Ellas, las corporaciones, han fijado el límite, han dicho lo que ya no están dispuestas a tolerar. Será responsabilidad del Gobierno eludir el chantaje, estará en él seguir por un camino que busque mejorar la vida de los que menos tienen, defender el salario ante una crisis que, entre otras cosas, busca ponerles un freno, profundizar la integración sudamericana, ampliar y mejorar la participación del Estado, regular e intervenir allí donde sea necesario para resguardar los intereses nacionales, el medio ambiente y los derechos sociales. Todas estas cuestiones vitales que hacen a la calidad institucional y a la genuina profundización de la democracia vienen a expresar, de un modo invertido, todo aquello que buscan quebrar y limitar las corporaciones económicas. Algo de esto se juega en las elecciones del 28 de junio y en el día después, cuando haya que elegir entre la profundización de los cambios o la aceptación del gran chantaje corporativo.
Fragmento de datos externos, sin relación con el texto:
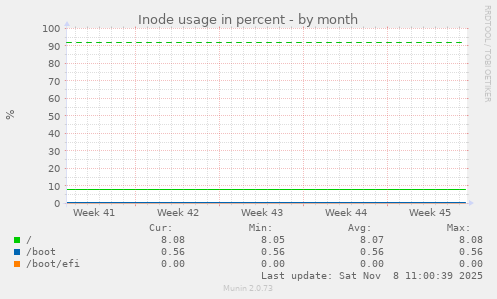 Inode usage in percent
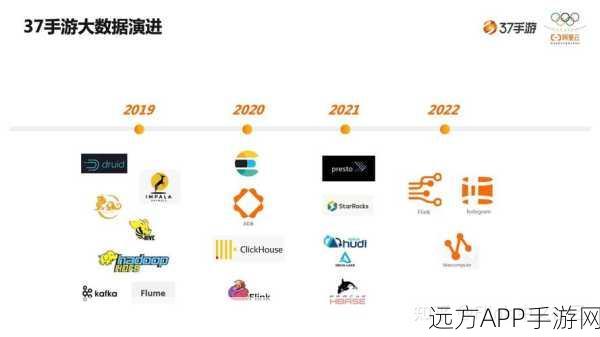 手游大数据优化秘籍，揭秘游戏数据库大文本索引构建实战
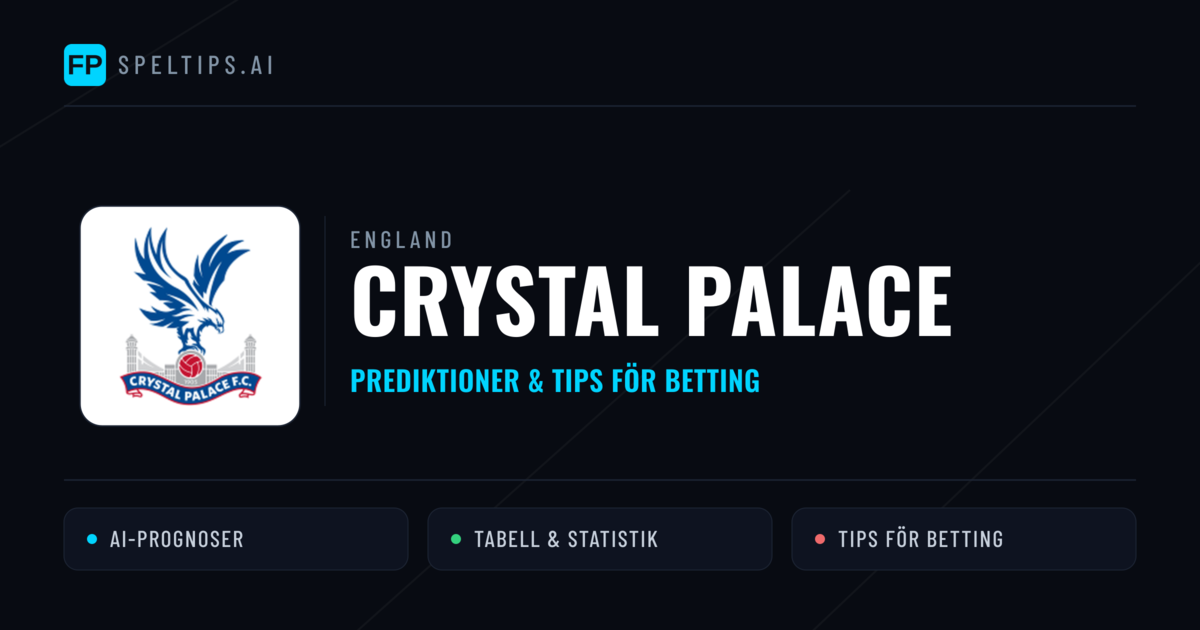 Crystal Palace Prognoser & Statistik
No resulta menor que, a diferencia de otros momentos difíciles de la democracia argentina, hoy podamos situarnos ante una disyuntiva que no se ha cerrado y ante un Gobierno que, más allá de sus carencias y faltas, no ha dado el brazo a torcer y sigue insistiendo en un camino fundado en el doble mandato de no reprimir la protesta social y de acrecentar el núcleo vital de los derechos humanos buscando, al mismo tiempo, invertir la pirámide de la distribución de la renta. Contra esa orientación se mueven y deliberan, como lo han hecho en otros momentos de nuestra travesía como nación, los grandes grupos económicos, esos mismos que no dudaron en solventar, cuando fue necesario, a las alternativas golpistas y dictatoriales pero que hoy prefieren una democracia domesticada y vaciada de ese interminable litigio por la igualdad que los incontables de la historia no han dejado de sostener y de defender. La persistencia de ese litigio sigue viva entre nosotros pese a lo mucho que los poderosos de siempre han hecho por doblegarlo definitivamente.